Mlliyet Milliyet Blog Milliyet Blog
 
Facebook Connect
Blog Kategorileri
 

01 Haziran '11

 
Kategori
Kültürler
 

Aşık Kalaycı Ahmet Gürz

Aşık Kalaycı Ahmet Gürz
 

Düziçi Çitli Köyü (Alını yeri: yerelnet.org.r)


Ahmet GÜRZ ile Andırın yolunun başında bulunan Çaycı Ahmet’in çay ocağının önünde oturan Semerci Hüseyin’in yanına iliştiğimde tanıştım güneşli bir Ekim günü. Babacan tavırlı, güler yüzlü yetmişini az aşmış bir ihtiyar delikanlıydı Ahmet Ağabey. Az da olsa rahmetli babama benzerliğimden dolayı tanıdı beni. İkisi de eski arkadaşmış.  

Bugün Düziçi’nde kalaycılık yaparak geçinen tek usta olduğunu söyledi. Çünkü eski kalaycılar ya aramızdan ayrılmışlar ya da artık evlerdeki kapların kalaylanması diye bir iş olmadığı için işlerini bırakarak, başka işlere yönelmişlerdi. Ancak yine de bazı Düziçililer bakır kap kacak kullanmak alışkanlığını bir türlü bırakamamışlardı. Ahmet Bey de dükkânını kapatmış olmasına rağmen ne iş onu bırakmış ne de o eski işini bırakabilmişti. Düziçi’ndeki tek usta kendisi kalmıştı. Kalaylama yapmayı bilmek anlamında bir de ben varım, dedim. Çünkü artan kalay fiyatları yüzünden 1959’da bir gün babamın evdeki bakır kapları kalaylamak için, evin avlusunda kurmuş olduğu küçük körüklü, bol dumanlı işe ben de katılmış, az çok öğrenmiştim bu işin nasıl yapıldığını.  

Ahmet GÜRZ kalaycılık mesleğini, çarşı içinde altında oturduğumuz evinin damında kurmuş olduğu tezgâhta yapıyormuş. Çevre köylerden bile müşterileri varmış. Söz sözü açtı, söz de dönüp dolaşıp eski günlerden bugünlere geldi. İleride bir gün gelerek kendisinden hayatını dinlemek istediğimi, eskiden doldurmuş olduğu kasetlerin de birer kopyasını almak istediğimi söyleyerek ayrıldım Kalaycı Ahmet GÜRZ’den.  
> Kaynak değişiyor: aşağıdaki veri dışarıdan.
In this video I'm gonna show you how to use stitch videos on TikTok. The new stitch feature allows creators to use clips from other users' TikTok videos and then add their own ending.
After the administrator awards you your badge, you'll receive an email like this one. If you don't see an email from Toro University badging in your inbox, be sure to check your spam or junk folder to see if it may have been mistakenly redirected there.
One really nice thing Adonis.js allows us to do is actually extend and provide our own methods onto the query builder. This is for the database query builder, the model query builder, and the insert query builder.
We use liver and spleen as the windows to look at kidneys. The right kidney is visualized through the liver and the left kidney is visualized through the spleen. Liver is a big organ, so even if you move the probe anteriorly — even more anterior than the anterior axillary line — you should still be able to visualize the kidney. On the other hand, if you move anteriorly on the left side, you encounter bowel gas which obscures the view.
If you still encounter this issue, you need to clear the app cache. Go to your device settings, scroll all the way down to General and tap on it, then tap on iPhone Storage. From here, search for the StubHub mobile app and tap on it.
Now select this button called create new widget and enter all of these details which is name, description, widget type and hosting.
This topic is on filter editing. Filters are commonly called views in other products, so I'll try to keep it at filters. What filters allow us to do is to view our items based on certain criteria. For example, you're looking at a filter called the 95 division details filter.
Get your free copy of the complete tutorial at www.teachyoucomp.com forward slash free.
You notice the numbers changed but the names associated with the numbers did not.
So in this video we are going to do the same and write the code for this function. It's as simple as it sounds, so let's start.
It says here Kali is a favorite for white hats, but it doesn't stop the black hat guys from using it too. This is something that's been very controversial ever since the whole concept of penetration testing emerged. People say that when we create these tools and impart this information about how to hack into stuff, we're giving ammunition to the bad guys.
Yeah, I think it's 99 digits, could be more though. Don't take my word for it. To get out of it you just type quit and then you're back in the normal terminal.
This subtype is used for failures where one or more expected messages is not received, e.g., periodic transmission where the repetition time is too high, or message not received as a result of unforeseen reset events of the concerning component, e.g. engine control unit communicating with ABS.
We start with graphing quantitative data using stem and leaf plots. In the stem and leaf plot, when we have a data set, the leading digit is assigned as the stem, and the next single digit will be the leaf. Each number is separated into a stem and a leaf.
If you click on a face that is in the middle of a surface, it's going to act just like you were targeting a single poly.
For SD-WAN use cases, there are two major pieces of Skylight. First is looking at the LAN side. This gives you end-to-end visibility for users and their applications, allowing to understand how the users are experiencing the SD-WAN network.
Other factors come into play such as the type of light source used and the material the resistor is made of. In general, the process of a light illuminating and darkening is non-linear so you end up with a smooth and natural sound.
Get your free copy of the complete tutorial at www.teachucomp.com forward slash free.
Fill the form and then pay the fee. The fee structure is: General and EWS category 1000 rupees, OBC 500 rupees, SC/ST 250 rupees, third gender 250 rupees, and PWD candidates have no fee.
Yıllardan beri ilk olarak uzunca bir süre kalmayı tasarladığım Düziçi beni yutmaya başlamıştı o günler. Düziçi ile ilgili olarak bugüne kadar yazılmamış olan gerçekçi bir kitap yazmaya kalkışmıştım. Düziçi Kaymakamı Nevzat ŞENGÖK ile kaymakamlığa bağlı birimlerin yetkililerinden aldığım hız ile çalışmalarım günden güne derinleşiyordu. Düziçi için devlet kolları sıvamış köy köy çalışıyor; sosyal yardımlaşma, örgün ve yaygın eğitim, yol, içme suyu gibi temel konular için yoğun bir çalışma yapılıyor Düziçi’nde. İnşaat kesiminde işlerin açıldığı şu günlerde ne yazık ki Düziçi’nde iş yeri azlığından binlerce Düziçili ülkemizin değişik yerlerine dağılmışlar geçim derdi yüzünden. Askerden gelen genç işsizler yanında diplomalı işsiz sayısı da yıldan yıla artıyor Düziçi’nde.  

Ayrıca Düziçi Belediye Başkanı Ökkeş NAMLI ile arkadaşlarının alt yapı çalışmaları da Düziçi için yapılacak işlerin çokluğunu ortaya koyuyordu. Bir kaç köye de giderek bazı araştırmalar yapmam gerektiğini düşündüm geçenler. Köy arabalarının tıkış tıkış olduğu eski yıllarda da gittiğim kimi köylere yine gitmek, bazı derlemeler yapmak gibi düşüncelerim var. Çünkü Düziçi köyleri halk edebiyatı yanında geleneklere bağlılık yönününden de özünü korumaktadır bugün bile. Bildiğimiz gibi araç kullanımlarını da içeren kültür değişimi, değerler ile davranışlar üzerindeki etkilerini birden gösteremez. At besleme, ağıtlar, türküler, el sanatları, yaylacılık, ev yapımı, ağaç işleri, kız alıp verme, düğünler, askerlik ve değişim gibi konuları karşılaştığım kişiler ile konuştum. Çünkü Düziçi son otuz yıldan bu yana çevre köylerden oldukça çok göç almış bulunuyor. Kentleşme sürecinde zorlanan kesim de öncelikle onlar Düziçi’nde. Bu yüzden sıcak bir ilgi gördüğüm Kalaycı Ahmet Ağabey’e iki ay kadar uğrayamadım.  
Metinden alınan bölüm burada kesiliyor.